No, I read it, but, apparently you didn't like my take on it. Suppose you tell me what the point of the article was. What fact it is based on, if any and why I should give a tiny rats butt about it. If the IP is interesting and people want to see it then what exactly is the problem. Is it less entertaining if Disney didn't think of it first, does that make it bad or as I picked up in it sometimes it is a good thing. Someone must make up their mind and tell me is it good or bad and why. Report back to me when you figure it out.
 

RSoxNo1

Well-Known Member
No, I read it, but, apparently you didn't like my take on it. Suppose you tell me what the point of the article was. What fact it is based on, if any and why I should give a tiny rats butt about it.

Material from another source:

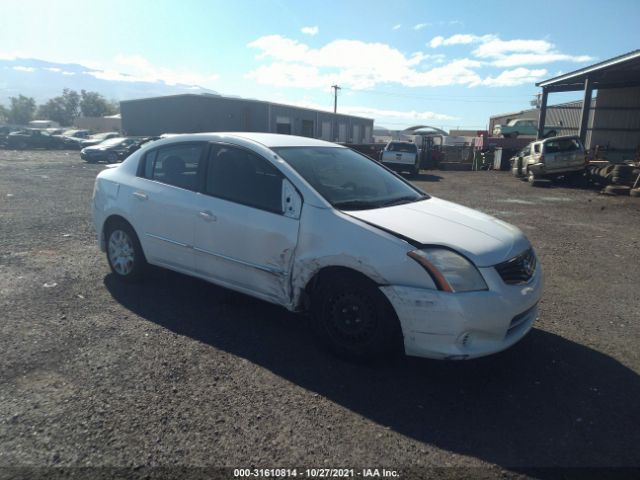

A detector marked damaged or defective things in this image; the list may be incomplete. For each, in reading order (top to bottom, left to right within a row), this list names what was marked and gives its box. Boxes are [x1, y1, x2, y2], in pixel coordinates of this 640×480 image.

damaged white car [92, 131, 544, 360]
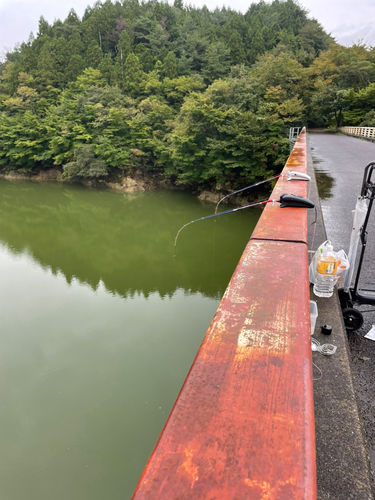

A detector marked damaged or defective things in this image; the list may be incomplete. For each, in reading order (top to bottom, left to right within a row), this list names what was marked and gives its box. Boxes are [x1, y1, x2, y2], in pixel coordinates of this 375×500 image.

rust stain on railing [132, 127, 318, 500]
rusty red metal railing [132, 129, 318, 500]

If the IP is interesting and people want to see it then what exactly is the problem. Is it less entertaining if Disney didn't think of it first, does that make it bad or as I picked up in it sometimes it is a good thing. Someone must make up their mind and tell me is it good or bad and why. Report back to me when you figure it out.
The article speculates that there has been a shift to IP driven attractions come hell or high water. It suggests that there should be a healthy mixture and there is a fear that in the future there will be less original concepts than what were previously in place. Under Iger, I can't think of a new attraction built from scratch that wasn't tied to an intellectual property or properties for the stateside parks. This is a legitimate concern.

With that said, the article also states that quality should always win out irrespective of intellectual property or not, and retrofitting an intellectual property rarely, if ever works.